### Your goal
Lines with "green" in them are to be located in the listing below and copied.

### Exercise data
****
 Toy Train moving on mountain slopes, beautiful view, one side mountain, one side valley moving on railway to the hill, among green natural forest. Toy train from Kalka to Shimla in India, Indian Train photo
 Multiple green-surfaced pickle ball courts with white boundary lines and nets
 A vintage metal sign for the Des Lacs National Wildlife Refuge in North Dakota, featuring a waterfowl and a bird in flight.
****
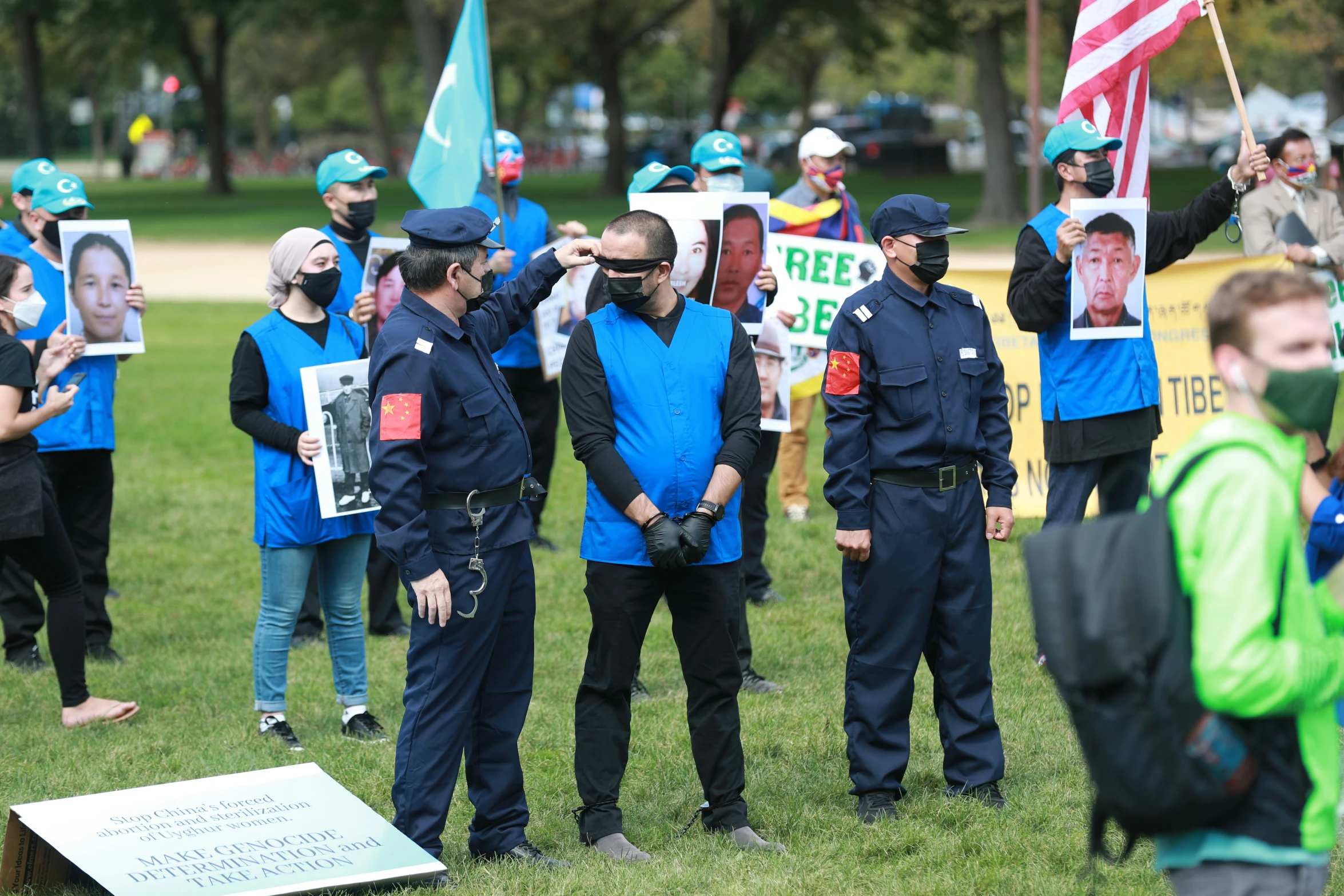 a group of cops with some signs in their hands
****
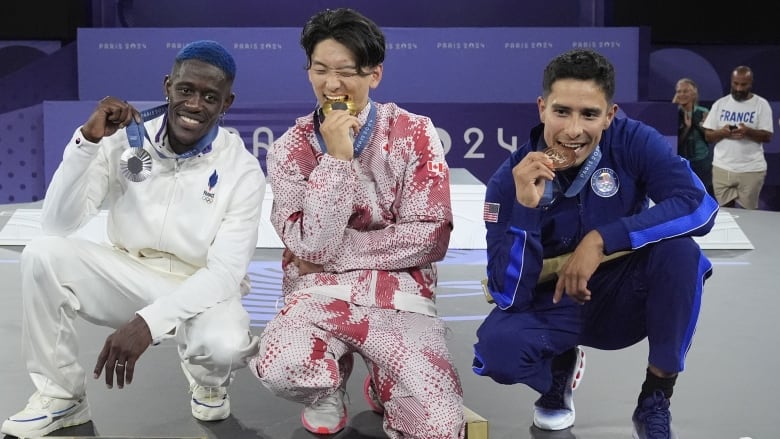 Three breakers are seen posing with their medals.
****
### Expected answer
 Toy Train moving on mountain slopes, beautiful view, one side mountain, one side valley moving on railway to the hill, among green natural forest. Toy train from Kalka to Shimla in India, Indian Train photo
 Multiple green-surfaced pickle ball courts with white boundary lines and nets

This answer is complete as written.